RECORD EXCERPTS Start Marker
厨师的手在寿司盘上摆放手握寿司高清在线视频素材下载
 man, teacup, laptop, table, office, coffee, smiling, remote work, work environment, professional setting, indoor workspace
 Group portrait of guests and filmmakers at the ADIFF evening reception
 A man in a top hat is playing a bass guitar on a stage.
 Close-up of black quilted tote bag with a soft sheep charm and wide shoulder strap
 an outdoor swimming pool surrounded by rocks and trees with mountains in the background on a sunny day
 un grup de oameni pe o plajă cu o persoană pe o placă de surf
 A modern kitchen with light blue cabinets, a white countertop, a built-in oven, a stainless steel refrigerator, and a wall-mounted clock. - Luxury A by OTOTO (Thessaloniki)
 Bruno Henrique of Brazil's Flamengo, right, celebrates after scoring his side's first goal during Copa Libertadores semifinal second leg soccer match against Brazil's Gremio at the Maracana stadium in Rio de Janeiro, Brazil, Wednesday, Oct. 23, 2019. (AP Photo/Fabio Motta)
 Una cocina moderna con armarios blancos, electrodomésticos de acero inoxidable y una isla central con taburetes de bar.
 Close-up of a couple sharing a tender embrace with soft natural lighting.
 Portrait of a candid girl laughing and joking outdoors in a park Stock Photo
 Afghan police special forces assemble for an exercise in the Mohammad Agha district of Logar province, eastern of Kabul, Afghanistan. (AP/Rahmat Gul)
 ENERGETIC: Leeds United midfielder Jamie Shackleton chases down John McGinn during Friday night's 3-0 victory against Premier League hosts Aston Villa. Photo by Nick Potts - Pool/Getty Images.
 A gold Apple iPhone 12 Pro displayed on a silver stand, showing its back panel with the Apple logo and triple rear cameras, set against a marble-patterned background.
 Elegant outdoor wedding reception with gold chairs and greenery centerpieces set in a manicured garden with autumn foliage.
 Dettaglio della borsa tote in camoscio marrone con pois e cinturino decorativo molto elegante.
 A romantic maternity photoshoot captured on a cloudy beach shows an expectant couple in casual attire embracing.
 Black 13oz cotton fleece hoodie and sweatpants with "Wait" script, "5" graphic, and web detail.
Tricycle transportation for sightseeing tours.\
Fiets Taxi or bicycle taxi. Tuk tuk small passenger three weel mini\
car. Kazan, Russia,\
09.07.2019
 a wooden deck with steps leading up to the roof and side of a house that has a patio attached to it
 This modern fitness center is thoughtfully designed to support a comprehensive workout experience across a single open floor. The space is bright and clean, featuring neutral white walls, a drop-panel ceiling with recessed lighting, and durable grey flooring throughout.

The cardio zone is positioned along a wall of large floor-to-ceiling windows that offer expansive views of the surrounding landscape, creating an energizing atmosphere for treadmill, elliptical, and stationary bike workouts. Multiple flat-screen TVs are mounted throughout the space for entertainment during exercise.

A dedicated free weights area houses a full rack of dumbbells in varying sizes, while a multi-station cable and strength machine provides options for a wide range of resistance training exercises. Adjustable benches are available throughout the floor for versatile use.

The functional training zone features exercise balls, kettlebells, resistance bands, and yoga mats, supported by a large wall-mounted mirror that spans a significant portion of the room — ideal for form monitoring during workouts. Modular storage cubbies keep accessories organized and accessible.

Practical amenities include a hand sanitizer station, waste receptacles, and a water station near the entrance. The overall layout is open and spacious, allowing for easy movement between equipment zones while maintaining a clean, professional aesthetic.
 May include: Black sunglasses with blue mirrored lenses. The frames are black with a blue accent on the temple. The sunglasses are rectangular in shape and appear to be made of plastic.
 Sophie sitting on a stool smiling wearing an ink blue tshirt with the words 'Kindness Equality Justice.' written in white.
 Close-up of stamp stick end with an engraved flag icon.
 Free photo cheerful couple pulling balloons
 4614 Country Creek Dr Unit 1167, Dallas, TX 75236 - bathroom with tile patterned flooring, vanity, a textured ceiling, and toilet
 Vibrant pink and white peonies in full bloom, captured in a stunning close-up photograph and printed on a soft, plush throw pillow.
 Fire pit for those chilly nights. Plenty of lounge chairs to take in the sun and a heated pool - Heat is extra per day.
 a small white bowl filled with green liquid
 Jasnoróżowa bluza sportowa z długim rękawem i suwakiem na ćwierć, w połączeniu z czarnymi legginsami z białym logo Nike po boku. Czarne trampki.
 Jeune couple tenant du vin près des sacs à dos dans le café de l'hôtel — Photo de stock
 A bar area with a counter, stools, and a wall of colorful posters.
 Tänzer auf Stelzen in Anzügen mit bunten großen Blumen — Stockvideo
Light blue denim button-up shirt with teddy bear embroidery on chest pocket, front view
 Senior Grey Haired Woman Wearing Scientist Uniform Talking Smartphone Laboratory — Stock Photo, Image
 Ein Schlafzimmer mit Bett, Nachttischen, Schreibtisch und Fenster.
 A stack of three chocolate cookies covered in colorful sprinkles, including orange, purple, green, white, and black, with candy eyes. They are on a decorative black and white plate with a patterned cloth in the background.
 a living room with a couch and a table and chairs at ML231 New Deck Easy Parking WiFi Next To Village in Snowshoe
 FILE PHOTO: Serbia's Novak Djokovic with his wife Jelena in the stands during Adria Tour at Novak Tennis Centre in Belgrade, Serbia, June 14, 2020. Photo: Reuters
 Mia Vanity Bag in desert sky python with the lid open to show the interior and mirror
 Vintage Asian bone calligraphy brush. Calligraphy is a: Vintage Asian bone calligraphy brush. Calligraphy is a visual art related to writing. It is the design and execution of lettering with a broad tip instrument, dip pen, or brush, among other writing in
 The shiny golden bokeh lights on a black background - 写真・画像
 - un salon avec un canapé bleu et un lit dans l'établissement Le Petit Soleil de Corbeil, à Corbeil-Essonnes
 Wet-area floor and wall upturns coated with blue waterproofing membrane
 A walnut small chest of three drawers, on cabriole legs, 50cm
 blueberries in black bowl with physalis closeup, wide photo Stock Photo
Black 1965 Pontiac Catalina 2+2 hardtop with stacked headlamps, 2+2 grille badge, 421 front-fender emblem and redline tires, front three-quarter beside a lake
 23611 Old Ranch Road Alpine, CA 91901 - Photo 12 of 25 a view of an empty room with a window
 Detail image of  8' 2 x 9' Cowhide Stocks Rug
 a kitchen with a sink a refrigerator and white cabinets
RECORD EXCERPTS End Marker
### TO DO
The answer must consist of every line from the entries that holds the string "lighting".

### WRITTEN SOLUTION
 Close-up of a couple sharing a tender embrace with soft natural lighting.
 This modern fitness center is thoughtfully designed to support a comprehensive workout experience across a single open floor. The space is bright and clean, featuring neutral white walls, a drop-panel ceiling with recessed lighting, and durable grey flooring throughout.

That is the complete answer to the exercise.